A very brief explanation of yin yoga

What is yin yoga?

I am asked that question at least once a week from students, friends, and anyone else who is willing to listen to me talk about yoga. Yin is my main at-home yoga practice, and I am totally in love with it. I’ll keep this as brief as possible, because I could go on for days, but I’ll assume my reader doesn’t have days. So…

Yin yoga is the opposite of yang yoga. A very large majority of the yoga classes that are offered today, especially in the Bay Area, are taught in the yang style. Ashtanga, vinyasa, hatha, and flow yoga are all forms of yang yoga.

Physically, yang yoga requires us to activate a certain group of muscles in order to lengthen another group of muscles. Think about a forward fold. We engage our quads to stretch our hamstrings. We activate our feet, lift our knee caps, and press our spine out long as we lengthen through the crown of our head.

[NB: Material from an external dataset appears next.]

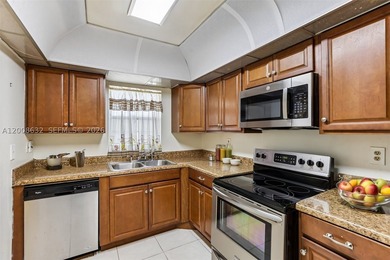 Welcome to this well-maintained condo located at 5900 NW 44th St - photo 16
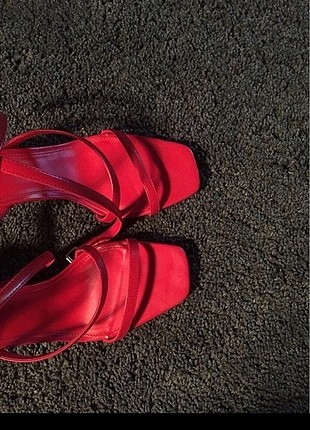 38 Beden kırmızı Renk Kırmızı bershka topuklu sandalet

Mentally and emotionally, the yang parts of us are the more extroverted, open, bright, loud, moving, masculine, and active sides of our personality.

Yin yoga, on the other hand, calls for the least amount of muscular action possible–so while practicing a yin style forward fold, we would relax all muscles and just allow our torso to fall forward. This will look and feel different from a yang style forward fold. And that’s good, because your connective tissue, joints, ligaments and tendons are being opened while practicing yin, where as your muscles take the majority of the stretch in a yang style pose.

The yin characteristics of our emotional bodies are the parts of us that are more introverted, still, receptive, contracting, quiet, darker, mysterious, and feminine.

Many beginner students are told to go to a yin class, wrongly so, because we hold the poses for a long amount of time and only a few poses are taught in each class. But in reality, yin is not necessarily a beginner’s practice. Yes, someone who has never been on a yoga mat before would be fine, physically at least, but yin does not by any means lack the intensity of a kick your ass level 3 yang class. Yin poses are just as physically intense, but even more so emotionally. We aren’t used to quiet, to stillness, to sitting with ourselves. So this can be scary and super emotional, especially for someone who hasn’t done yoga before.

Yin yoga is not popular in the Bay Area. There are only a few studios that offer classes, and of those studios most of them only have one or two yin classes per week. This is confusing to me because when we live in a place like we do, that is full of people and traffic and parties and coffee, I would think that we would crave something to balance out our extremely extroverted lives.

I love yin yoga for many reasons–the quiet, the stillness, and the ability to allow myself to actually be that shy, private, observant person that I have always been. But the thing I love about it the most is the balance it gives me. As a climber, it is my goal and passion to fight against gravity all day, sometimes for weeks at a time. Many people see climbing as a fight against the rock itself, when in reality we are trying to figure out a way to move our body in which gravity doesn’t prevent us from climbing up a rock. So when I practice yin yoga, where I can finally give in to gravity, surrender to it completely and allow it to pull and pull and pull, one could imagine how good this feels. It may sound hippiedippie but yin is my way of respecting gravity and the physical forces of the world. Release. Surrender. Gravity rules, always.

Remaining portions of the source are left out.